Microsoft's Mundie Muses on Future of Computing

Microsoft's chief researcher discusses the future of computing, but where's the beef?

LAS VEGAS-The evolution of parallel programming in software will lead to new modes of computing over the next several years, according to Microsoft Chief Research and Strategy Officer Craig Mundie.

Mundie discussed the future of computing and what his research team at Microsoft is doing to contribute to it during a keynote interview at Gartner's Symposium/ITxpo here April 9.

The interview was moderated by Gartner server analyst Carl Claunch, who failed to pose challenging questions to Mundie, such as what the software vendor is working on to combat Google's, IBM's or Yahoo's advances in cloud computing.

On his chosen topic, Mundie cited as an example the case of five college programmers in Bangkok, Thailand, who won Microsoft's last global Imagine Cup challenge. To demonstrate how they could use computers to improve education, the students built a book translation and reading system so students in Thailand could read books that were otherwise inaccessible to them.

Mundie said the prototype system invoked a whole level of abstraction from Microsoft's collection of Web services that Microsoft doesn't even touch at this point.

"Software has always been about increasing the level of abstraction," Mundie said. "I think that we're about to see another escalation in this level of abstraction and the emergence of a global [community] of programmers that think at this higher level."

Moreover, he said, desktops, handheld computing gadgets and smart phones are getting to the point where they can be leveraged as part of a large-scale system. These devices will be part of a model-driven architecture that employs different computing modalities.

Now Plugging: Surface and Photosynth

For example, Mundie discussed Surface, a Microsoft product that puts Windows Vista inside a literal desktop surface to let users manipulate digital content with natural motions, such as hand gestures.

This sort of real-world-meets-virtual-reality approach will become more common, with Surface becoming part of a smart phone, such as an Apple iPhone, he said; the hybridization of touch and speech with the new graphical ways of presenting information will move the space forward.

Mundie also plugged Photosynth, a piece of software in Microsoft Live Labs that takes a large collection of photos of a place or an object, analyzes them for similarities in spatial relationship, and displays them in a three-dimensional model.

Users can then take the images and extract picture elements from them and paste them onto the 3-D model, rendering a 3-D model that is painted like the real world with actual photos, but is designed to be dropped into a virtual world users can manipulate.

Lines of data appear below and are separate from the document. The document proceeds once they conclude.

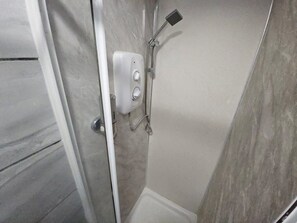 A shower area with a handheld showerhead, a control panel, and a wall-mounted faucet.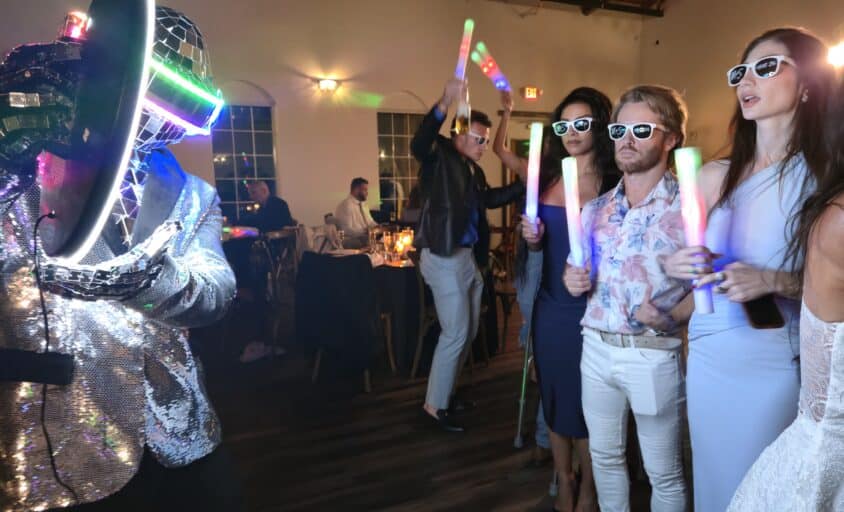 LED Robot Roamer in a mirrored light-up helmet taking a group photo with guests holding glow sticks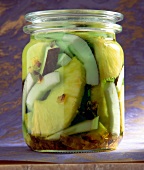 Slices of coconut, pineapple and brown sugar candy with coconut rum in glass jar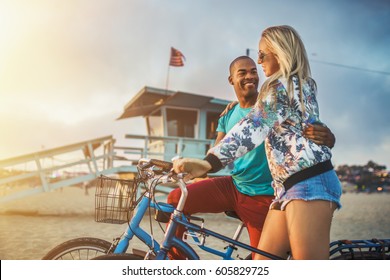 romantic couple watch sunset on santa monica beach after bike ride - Powered by Shutterstock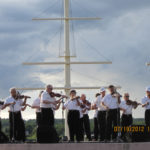 Fiddlers on the banks of the Miramichi. Photo: John Kernaghan.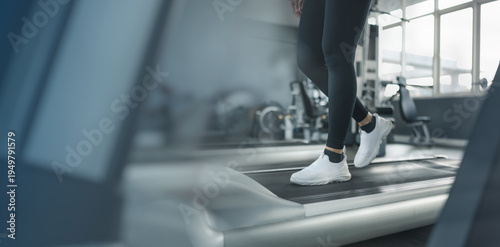Tableau sur toile Close up of woman walking on treadmill in modern gym with copy space, representing fitness background and healthy lifestyle concept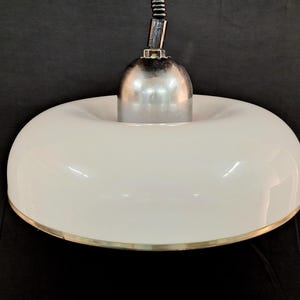 May include: A white, donut-shaped pendant light with a polished metal top and a gold-colored trim. The light fixture hangs from a flexible, black cord. The design is modern and minimalist, suitable for various interior styles.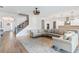 Large living room with sectional sofa and view to kitchen at 913 Buckhurst Dr, Spring Hill, FL 34609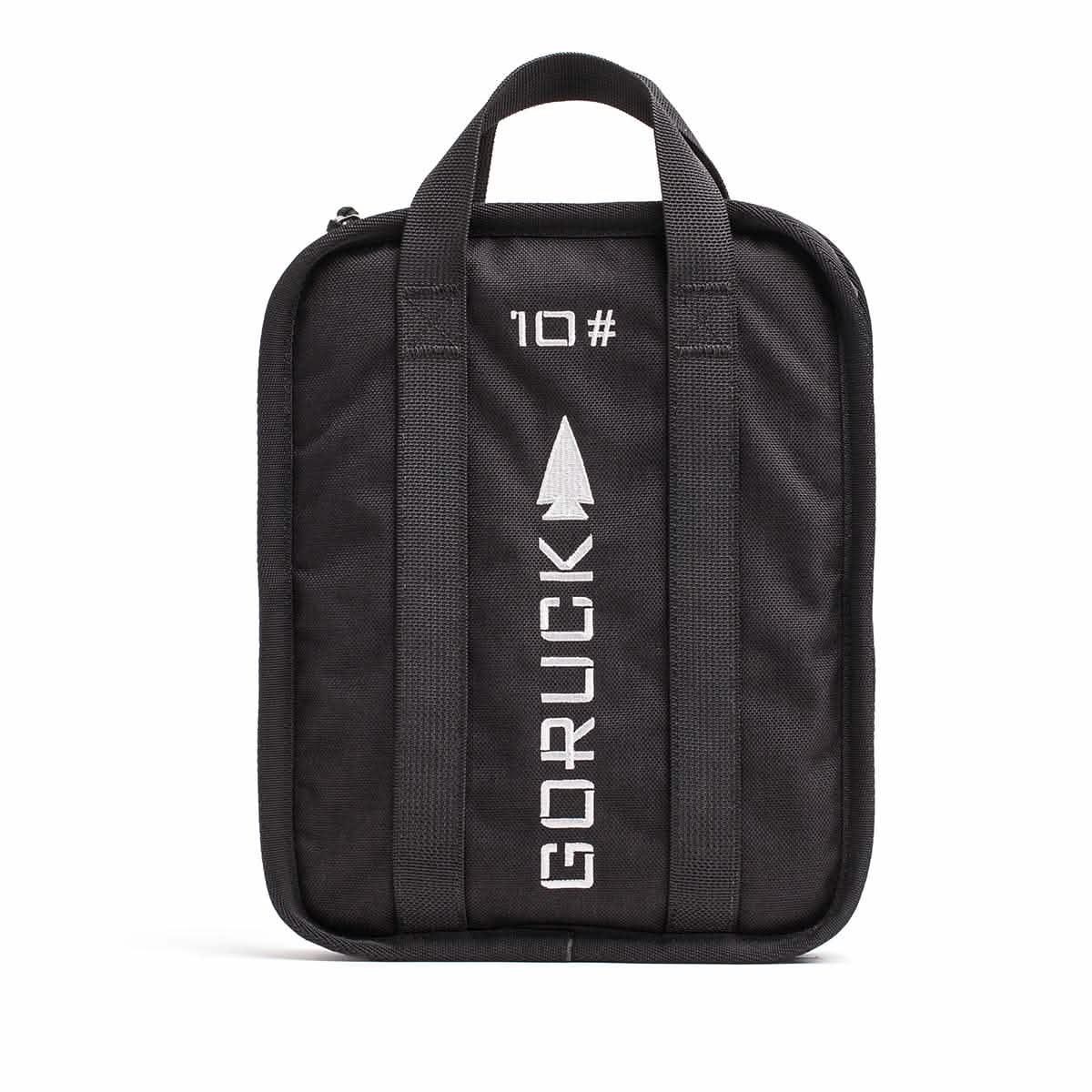 A rugged-textured Rucker bag in black from GORUCK, featuring two handles and adorned with GORUCK and 10 printed in white alongside an arrow design. The front showcases vertical stitching lines, and it comes with a lifetime guarantee for ultimate peace of mind.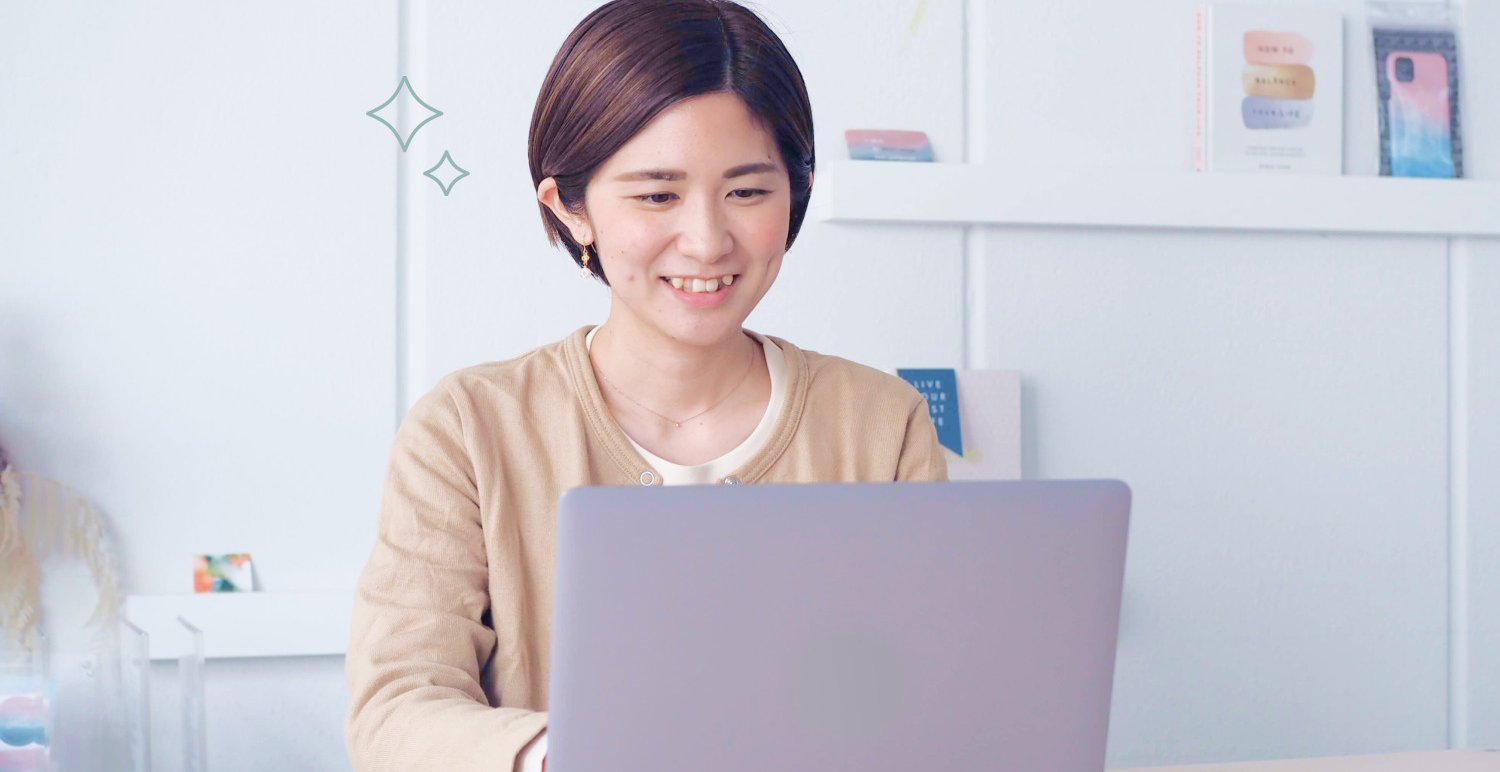 ノートパソコンに向かい微笑む女性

These products are no doubt interesting, but failed to stimulate the kind of interest that could have been found in a conversation about what Microsoft's research unit is doing to address competitive advances by Google, and others.

For example, Claunch did not ask a question about Microsoft's Dryad, an experimental platform that lets programmers use a computer cluster or a data center for running parallel programs. Dryad will let developers run thousands of multicore machines without knowing anything about concurrent programming.

Microsoft is clearly confident that Dryad, despite its nascent status, is superior to Google's MapReduce. In its note on Dryad, the company's engineers wrote, "It completely subsumes other computation frameworks, such as Google's [MapReduce] or the relational algebra."